Even Angular is abandoning two-way bindings. http://victorsavkin.com/post/110170125256/change-detection-i...
I, for one, welcome our new immutable overlords.
Approaches like jQuery soup or making SQL queries from PHP templates aren't “wrong” either. They are friendlier to beginner, too.
When I wrote “wrong” I meant “in my experience, inferior for building applications with complex stateful user interfaces and later maintaining them for a period more than several months in the face of changing requirements”.
Also, I'm not talking specifically about React. Of course it has its own shortcomings. All I'm saying is that relying on `Object.observe` and giving out global state to all components to mutate is the same as using global variables throughout the program. I don't know whether it is helpful to call global variables “right” or ”wrong” but I'd certainly stay away from them when there are ways to achieve the same without future maintenance nightmare.
My dumb takeaway is something like '2-way bindings demo well but are rarely what you actually want in real apps'.
I think (not 100% sure) Tom & Yehuda (of Ember) talk about how they became disenfranchised with 2-way bindings in their recent Changelog podcast episode on Ember 2 [1].
“Two” looks better than “one” on a feature checklist.
Quoting Sebastian Markbåge from React, “Angular is intuitively better to most engineers based on previous experience and ideals. React is better in practice. This is a biased opinion, but based one large org's experience of trying both models extensively.”
Normally not a huge issue, but it helps put AngularJS + Phonegap in an even worse position than before against native apps.
Two-way data binding to properties is generally not good. It increases likelihood of problems as updates to one value have to be observed to adjust other values. It is easy for bugs to slip in and hard to reason about the code.
Two-way data binding to methods is better. Methods that aren't focused on setting one value. In effect not direct data binding. It creates easy to reason about explicit code paths for changing of values. Observation of the change of properties is no longer required.
It is a useful tool and should continue to be seen as such.
[1]: http://facebook.github.io/react/docs/two-way-binding-helpers...
I don't even know how the second option is better to be honest. I may research it further.
:-)
Shouldn't updates just be event driven?
Is it really so hard for developers of parent components to subscribe to events of child components?

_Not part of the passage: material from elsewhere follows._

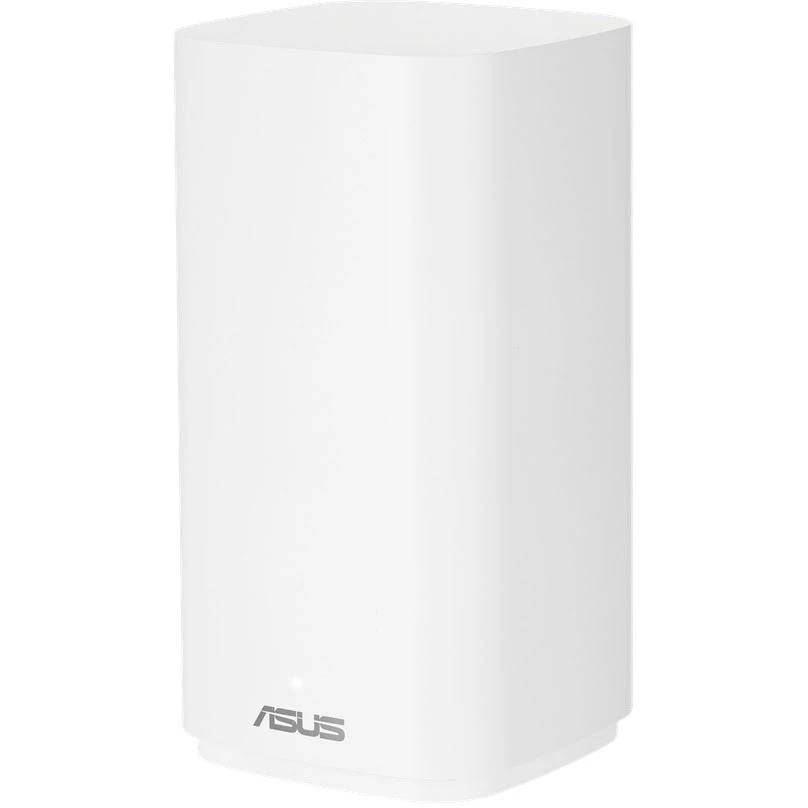 Роутер Wi-Fi Asus BD4 OUTDOOR, 2.4/5GHz, 3570Mbps, 2xLAN 2.5Gbps, 2xWAN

I've become more or less convinced that over-reliance on events is a big anti-pattern. Combined with mutable state, you get a lot of difficult to track changes in state. Some describe it as COMEFROM-based programming, the dual of the much-maligned GOTO paradigm. The COMEFROMs are your listeners and event triggers are labels they reference. The downfalls of each are pretty much the same: code that becomes increasingly difficult to reason about as it scales, because you have arbitrary global movement in control flow. COMEFROM is even worse because it introduces concurrency. Concurrency + shared mutable state is a recipe for subtle bugs.
So much of the time in a web app, an event only really has one listener. In these cases, a simple callback passed to the child component suffices. But even when you might need to have more than one component react to an event in a child component, I would argue that whatever is responsible for creating the child should still pass a single callback, which might simply be an entry point to dispatch logic on a controller whose only job is to mediate that behavior. Said controller might use or something else as its mechanism.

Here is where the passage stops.